Microsoft and the quantum computing firm Quantinuum claim to have made a quantum computer that has an unprecedented level of reliability. Its ability to correct its own errors could be a step towards more practical quantum computers in the near future.

“What we did here gives me goosebumps. We have shown that error correction is repeatable, it is working and it is reliable,” says Krysta Svore at Microsoft.

Experts have long anticipated the arrival of practical quantum computers, which could complete calculations that are too complex for conventional computers. Though quantum computers are steadily becoming larger and more complex, this prediction hasn’t yet been fully realised. One big reason for this is that all contemporary quantum computers make errors, and researchers have found it technically difficult to implement algorithms to catch and correct them during computation.

The new experiment may represent a significant step towards overcoming this error problem – the researchers say they ran over 14,000 separate computational routines on Quantinuum’s H2 quantum processors without a single error.

Classical computers also make errors, but error correction can be coded into programs by making back-up copies of the information being processed. This approach isn’t possible in quantum computing because quantum information cannot be copied. So, instead, researchers spread it across groups of connected quantum bits, or qubits, to create what are known as logical qubits. The Microsoft and Quantinuum team used 30 qubits to make four of these logical qubits.

Svore says that it was the generation of these logical qubits, using a process developed by Microsoft, that enabled repeated runs of error-free, or fault-tolerant, experiments. Individual qubits are typically easily disturbed, but at the level of the logical qubits, the researchers could repeatedly detect and correct the errors.

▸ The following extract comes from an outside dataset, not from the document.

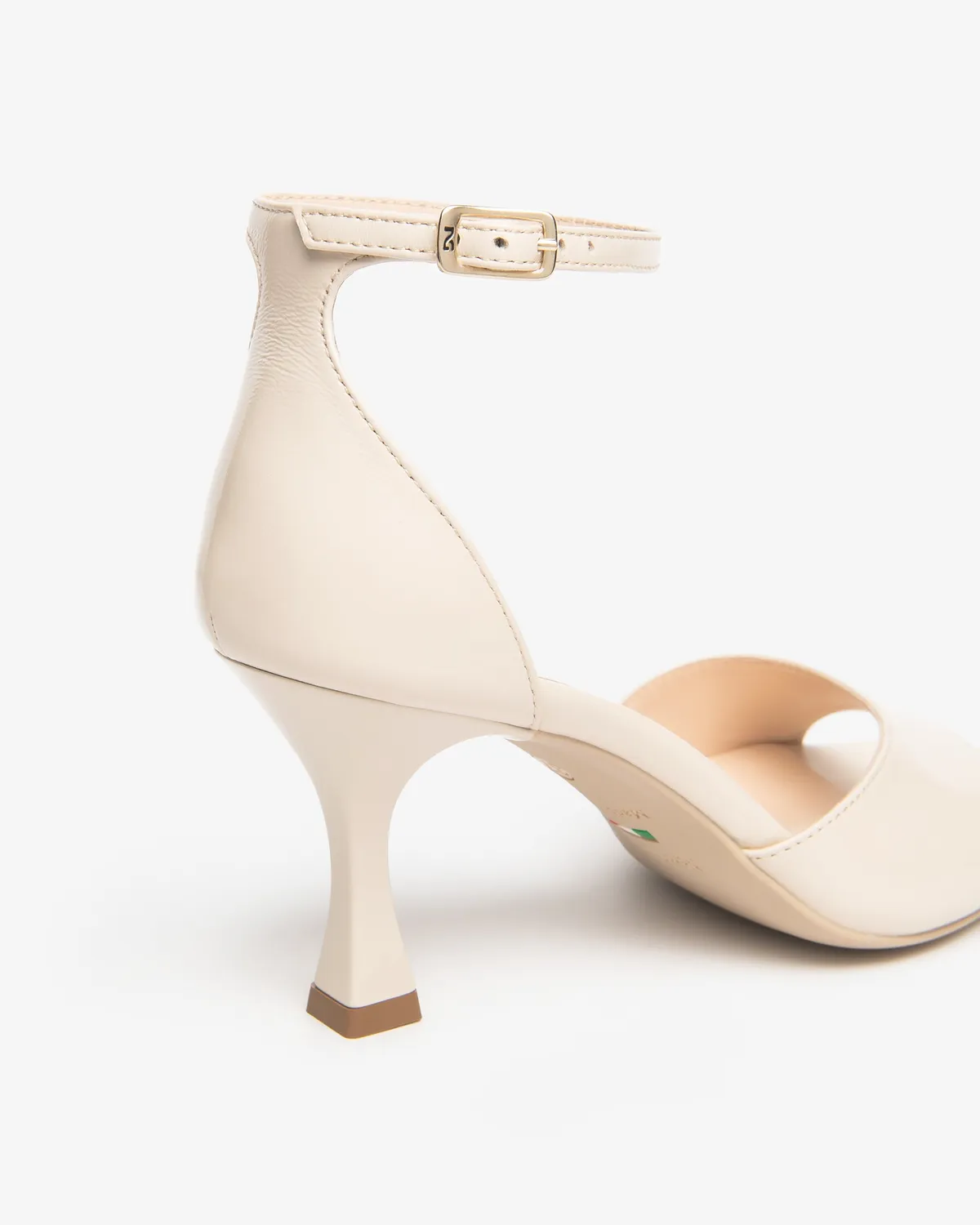 NeroGiardini Sandale damă piele mireasă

They say this approach was so successful that the four logical qubits produced as few as 0.125 per cent of the errors that were seen when the 30 qubits were left ungrouped. This means the ungrouped qubits would have produced as many as 800 errors for every one error produced by the logical qubits.

“A logical error rate 800 times lower than the error rate of the physical qubits is a very significant advance in the field that takes us another step closer to fault-tolerant quantum computing,” says Mark Saffman at the University of Wisconsin who was not involved with the experiment.

Jennifer Strabley at Quantinuum says the team’s hardware was well suited for the new experiments because it offers a high degree of control over qubits and because its quantum computer already had some of the lowest error rates achieved to date.

In 2023, a team of researchers at Harvard University and their colleagues, including some at the quantum computing start-up QuEra, broke the record for the largest number of logical qubits – 48 at once. This is far more than the four logical qubits in the new device. But Strabley says the new device requires fewer physical qubits per logical qubit, and the logical qubits made fewer errors than those built by the Harvard team. “We used a lot fewer physical qubits and got better results,” she says.

However, some experts consulted by New Scientist were not ready to qualify the new work as a breakthrough in quantum error correction just yet without more detail about the experiment.

It is generally accepted that only quantum computers with 100 or more logical qubits will really be able to tackle scientifically and societally relevant problems in areas including chemistry or materials science. The next challenge is making everything larger. Both Strabley and Svore say they are confident that the longstanding collaboration between Microsoft and Quantinuum will get there soon.